Concludendo: Winchester è un gran bella città  dal passato glorioso, ha ricoperto un ruolo molto importante nella storia, ed è la patria  di alcuni degli edifici medievali più grandi d’Europa.Il suo insediamento risale  all’incirca all’età del Ferro e d’allora  vescovi e re hanno lasciato importanti testimonianze durature. Da qui sono passati Romani 70 dC – i Sassoni che l’hanno fanno diventare città imperiale ed ecclesiastica – I Normanni che costruirono il castello –  e via di seguito fino alla nascita della città moderna nel periodo Vittoriano.
Winchester vanta anche sei magnifici musei militari che illustrano la ricca storia della British Army che per mancanza di tempo noi non abbiamo visitato.

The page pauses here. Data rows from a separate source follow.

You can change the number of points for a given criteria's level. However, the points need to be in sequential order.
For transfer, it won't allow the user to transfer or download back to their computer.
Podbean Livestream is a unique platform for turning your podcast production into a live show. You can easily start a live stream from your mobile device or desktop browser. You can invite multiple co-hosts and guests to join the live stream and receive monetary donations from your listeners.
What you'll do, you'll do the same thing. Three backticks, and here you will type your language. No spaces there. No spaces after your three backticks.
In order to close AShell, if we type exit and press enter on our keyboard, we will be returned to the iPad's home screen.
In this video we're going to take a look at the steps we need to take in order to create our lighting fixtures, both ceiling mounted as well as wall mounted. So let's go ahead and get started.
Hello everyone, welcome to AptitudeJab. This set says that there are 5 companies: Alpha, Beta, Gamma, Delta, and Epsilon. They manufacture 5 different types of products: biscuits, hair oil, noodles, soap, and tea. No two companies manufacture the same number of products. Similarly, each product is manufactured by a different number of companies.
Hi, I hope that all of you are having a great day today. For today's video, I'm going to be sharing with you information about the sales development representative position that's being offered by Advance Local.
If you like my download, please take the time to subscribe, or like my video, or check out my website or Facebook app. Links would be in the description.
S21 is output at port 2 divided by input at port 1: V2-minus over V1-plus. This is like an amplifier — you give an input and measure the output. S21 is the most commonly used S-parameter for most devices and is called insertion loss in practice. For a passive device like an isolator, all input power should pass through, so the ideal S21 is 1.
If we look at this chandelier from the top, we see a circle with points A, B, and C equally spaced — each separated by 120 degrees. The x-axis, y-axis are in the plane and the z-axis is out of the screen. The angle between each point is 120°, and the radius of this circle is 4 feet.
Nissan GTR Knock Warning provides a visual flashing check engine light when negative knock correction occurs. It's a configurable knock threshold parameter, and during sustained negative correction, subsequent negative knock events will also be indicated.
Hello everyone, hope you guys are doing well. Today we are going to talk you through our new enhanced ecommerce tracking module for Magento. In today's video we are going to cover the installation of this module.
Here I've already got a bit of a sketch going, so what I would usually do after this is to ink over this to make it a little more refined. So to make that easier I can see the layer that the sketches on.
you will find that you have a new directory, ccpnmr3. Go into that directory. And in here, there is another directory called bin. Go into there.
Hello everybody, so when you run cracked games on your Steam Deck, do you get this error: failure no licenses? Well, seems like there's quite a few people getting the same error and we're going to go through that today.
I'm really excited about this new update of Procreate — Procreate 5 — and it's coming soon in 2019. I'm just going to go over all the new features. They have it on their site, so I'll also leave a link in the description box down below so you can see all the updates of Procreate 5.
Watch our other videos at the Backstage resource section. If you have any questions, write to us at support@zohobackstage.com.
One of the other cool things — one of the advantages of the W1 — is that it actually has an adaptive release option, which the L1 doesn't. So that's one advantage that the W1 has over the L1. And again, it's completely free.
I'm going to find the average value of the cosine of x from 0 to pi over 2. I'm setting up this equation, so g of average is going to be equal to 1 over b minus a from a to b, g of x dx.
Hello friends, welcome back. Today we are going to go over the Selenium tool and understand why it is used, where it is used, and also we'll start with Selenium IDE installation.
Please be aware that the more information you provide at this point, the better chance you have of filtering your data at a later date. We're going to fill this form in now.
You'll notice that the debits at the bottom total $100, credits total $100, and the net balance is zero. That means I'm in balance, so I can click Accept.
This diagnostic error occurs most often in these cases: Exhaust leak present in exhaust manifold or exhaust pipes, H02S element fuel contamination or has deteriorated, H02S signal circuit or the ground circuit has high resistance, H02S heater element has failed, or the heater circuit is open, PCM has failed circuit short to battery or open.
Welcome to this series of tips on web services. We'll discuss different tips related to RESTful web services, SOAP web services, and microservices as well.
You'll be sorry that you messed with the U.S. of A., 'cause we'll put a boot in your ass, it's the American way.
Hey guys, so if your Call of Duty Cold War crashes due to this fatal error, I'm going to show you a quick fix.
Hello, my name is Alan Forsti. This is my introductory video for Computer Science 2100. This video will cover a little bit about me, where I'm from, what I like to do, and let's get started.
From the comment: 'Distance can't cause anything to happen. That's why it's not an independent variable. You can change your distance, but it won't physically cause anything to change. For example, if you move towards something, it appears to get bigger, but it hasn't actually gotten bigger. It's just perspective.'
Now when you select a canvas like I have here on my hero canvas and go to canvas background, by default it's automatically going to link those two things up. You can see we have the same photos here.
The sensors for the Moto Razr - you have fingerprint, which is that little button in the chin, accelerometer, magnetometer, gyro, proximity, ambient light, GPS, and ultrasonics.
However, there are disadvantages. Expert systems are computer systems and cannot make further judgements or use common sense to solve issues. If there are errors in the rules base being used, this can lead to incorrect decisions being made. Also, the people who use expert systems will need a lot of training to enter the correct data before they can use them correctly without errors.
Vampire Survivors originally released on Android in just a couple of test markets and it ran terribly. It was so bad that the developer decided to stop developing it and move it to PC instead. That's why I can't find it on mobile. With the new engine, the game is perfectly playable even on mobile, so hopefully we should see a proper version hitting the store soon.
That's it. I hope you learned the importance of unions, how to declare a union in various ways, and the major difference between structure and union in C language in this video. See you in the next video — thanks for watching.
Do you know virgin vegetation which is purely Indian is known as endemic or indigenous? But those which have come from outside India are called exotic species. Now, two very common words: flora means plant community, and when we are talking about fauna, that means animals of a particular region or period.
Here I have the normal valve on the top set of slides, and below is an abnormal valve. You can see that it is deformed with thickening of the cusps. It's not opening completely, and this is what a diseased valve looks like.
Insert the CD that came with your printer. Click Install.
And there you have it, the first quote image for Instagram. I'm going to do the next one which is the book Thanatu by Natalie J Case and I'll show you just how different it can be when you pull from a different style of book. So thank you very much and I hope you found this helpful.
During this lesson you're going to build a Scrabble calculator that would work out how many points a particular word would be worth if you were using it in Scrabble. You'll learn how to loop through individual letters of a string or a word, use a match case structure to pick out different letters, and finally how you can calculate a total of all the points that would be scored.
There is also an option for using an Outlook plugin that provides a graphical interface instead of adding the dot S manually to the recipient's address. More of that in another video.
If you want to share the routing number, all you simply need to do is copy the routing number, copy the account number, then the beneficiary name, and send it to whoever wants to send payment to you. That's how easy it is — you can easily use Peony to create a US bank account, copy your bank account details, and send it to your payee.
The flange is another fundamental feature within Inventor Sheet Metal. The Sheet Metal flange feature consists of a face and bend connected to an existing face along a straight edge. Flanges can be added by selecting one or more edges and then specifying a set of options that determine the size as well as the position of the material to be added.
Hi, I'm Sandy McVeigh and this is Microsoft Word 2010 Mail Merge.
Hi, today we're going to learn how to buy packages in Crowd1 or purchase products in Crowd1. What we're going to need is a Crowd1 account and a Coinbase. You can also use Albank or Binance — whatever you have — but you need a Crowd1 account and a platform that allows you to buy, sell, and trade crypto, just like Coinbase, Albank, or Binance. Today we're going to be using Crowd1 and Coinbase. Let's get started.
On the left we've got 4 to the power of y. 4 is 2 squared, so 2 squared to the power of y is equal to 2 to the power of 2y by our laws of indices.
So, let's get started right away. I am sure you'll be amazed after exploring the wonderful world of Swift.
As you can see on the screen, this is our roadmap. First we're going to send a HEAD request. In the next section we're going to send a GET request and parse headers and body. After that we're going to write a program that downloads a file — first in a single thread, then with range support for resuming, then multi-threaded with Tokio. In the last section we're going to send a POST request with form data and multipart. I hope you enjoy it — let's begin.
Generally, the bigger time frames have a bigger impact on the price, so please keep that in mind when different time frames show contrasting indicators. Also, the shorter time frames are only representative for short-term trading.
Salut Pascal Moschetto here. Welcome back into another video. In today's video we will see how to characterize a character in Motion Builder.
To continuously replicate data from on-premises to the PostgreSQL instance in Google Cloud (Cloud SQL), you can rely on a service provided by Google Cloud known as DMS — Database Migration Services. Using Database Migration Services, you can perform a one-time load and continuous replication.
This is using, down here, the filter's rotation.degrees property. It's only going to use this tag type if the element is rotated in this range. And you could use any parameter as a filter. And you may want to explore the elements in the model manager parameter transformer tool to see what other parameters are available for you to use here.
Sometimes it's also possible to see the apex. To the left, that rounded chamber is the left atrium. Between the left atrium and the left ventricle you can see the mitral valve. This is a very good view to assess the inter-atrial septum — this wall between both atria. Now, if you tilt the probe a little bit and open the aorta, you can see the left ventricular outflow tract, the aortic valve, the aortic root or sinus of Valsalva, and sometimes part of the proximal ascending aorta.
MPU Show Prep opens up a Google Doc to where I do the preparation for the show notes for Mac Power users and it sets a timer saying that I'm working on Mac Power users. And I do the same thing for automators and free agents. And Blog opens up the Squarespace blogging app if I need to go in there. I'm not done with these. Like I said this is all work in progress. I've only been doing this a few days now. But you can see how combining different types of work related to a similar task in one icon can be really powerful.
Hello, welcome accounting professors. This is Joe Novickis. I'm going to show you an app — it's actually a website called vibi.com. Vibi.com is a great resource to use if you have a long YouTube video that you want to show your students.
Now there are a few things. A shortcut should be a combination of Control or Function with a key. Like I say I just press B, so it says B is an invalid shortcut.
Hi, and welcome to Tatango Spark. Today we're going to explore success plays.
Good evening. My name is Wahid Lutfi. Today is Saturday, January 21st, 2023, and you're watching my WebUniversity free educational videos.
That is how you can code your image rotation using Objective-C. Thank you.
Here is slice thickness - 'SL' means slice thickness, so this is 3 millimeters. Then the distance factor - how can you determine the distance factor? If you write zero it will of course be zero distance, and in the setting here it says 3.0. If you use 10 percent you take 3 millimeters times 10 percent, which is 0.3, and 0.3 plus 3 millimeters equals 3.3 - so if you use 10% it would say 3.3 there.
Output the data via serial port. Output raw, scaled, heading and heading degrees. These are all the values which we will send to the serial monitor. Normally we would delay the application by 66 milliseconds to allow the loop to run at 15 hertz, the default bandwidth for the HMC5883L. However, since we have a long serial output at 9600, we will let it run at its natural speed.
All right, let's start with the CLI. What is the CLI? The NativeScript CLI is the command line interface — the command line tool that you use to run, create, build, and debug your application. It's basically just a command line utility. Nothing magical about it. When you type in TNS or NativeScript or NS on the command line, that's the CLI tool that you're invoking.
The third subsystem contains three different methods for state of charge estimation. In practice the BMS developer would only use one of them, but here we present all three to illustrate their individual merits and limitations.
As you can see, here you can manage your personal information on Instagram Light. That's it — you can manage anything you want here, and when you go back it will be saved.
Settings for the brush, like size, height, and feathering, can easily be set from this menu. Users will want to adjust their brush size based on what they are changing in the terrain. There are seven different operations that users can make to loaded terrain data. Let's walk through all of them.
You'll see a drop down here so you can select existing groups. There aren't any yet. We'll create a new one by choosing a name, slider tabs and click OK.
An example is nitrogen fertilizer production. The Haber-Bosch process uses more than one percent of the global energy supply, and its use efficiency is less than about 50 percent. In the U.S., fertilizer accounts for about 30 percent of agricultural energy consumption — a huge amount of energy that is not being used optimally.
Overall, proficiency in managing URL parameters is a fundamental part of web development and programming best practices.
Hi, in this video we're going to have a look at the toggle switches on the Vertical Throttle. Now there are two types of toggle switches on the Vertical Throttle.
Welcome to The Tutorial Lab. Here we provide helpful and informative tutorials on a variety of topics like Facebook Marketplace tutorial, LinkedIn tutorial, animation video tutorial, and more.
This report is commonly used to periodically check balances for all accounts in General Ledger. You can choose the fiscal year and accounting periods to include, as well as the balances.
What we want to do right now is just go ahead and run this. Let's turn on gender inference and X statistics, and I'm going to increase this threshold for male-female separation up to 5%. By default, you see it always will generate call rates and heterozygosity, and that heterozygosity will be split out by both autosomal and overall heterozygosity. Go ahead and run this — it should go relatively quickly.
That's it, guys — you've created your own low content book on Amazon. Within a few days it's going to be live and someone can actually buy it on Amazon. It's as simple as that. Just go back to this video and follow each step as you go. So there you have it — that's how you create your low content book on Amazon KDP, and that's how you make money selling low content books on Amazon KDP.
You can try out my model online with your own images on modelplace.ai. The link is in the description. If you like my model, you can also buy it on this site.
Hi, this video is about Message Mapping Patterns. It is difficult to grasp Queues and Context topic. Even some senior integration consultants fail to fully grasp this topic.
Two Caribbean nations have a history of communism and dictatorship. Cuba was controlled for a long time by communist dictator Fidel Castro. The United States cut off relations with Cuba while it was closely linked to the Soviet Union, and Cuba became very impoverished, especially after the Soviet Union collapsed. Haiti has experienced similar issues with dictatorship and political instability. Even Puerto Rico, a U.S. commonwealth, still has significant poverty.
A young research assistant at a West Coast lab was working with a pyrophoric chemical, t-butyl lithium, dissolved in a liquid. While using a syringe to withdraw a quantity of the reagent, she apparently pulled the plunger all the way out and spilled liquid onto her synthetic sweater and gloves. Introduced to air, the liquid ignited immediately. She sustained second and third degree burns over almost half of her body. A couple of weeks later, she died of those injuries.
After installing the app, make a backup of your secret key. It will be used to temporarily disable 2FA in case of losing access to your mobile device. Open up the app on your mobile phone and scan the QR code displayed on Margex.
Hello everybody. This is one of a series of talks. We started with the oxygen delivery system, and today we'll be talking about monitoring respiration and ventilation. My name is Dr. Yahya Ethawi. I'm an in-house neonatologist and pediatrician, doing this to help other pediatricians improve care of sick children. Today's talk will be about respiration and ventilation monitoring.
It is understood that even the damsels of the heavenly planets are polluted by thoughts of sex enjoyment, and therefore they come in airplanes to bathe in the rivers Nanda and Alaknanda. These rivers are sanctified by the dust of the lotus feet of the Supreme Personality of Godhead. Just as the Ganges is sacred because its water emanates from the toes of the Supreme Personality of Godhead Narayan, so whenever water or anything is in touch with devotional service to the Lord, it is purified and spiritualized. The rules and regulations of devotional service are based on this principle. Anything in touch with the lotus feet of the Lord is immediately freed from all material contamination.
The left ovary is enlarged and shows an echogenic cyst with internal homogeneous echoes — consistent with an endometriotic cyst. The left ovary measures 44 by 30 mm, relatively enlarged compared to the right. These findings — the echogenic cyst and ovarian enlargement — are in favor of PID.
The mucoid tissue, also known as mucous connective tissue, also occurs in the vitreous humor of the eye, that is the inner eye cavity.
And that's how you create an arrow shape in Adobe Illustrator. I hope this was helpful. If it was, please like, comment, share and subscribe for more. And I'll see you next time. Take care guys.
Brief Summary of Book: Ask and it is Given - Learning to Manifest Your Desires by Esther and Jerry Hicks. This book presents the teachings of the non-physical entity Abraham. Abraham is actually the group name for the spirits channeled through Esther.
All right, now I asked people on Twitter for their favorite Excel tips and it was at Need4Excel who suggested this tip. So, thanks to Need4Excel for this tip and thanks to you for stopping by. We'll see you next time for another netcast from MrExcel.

Il libro contenente la storia completa della città di Winchester ho letto sia in preparazione a cura di Martin Biddle, un professore di archeologia Medievale dell’Università di Oxford,  che avrebbe diretto gli scavi della citta’ fra il 1962 e il 1975 finalizzati appunto alla ricerca  e  ricostruzione della storia .

La  vacanza è stata breve, è stata intensa, quasi priva di inconvenienti, ho saziato lo sguardo con panorami mozzafiato, ho rivissuto una leggenda, ho assaporato il silenzio, ho goduto la  simpatica e piacevole compagnia di Cri, Grazy, Monica e Walter.

Tornata ,  ho cercato di tradurre in parole le emozioni vissute  e soprattutto ho tentato di descrivere al meglio le immagini che ho impresso nei miei occhi.

 Chissà quale sarà  la prossima  meta?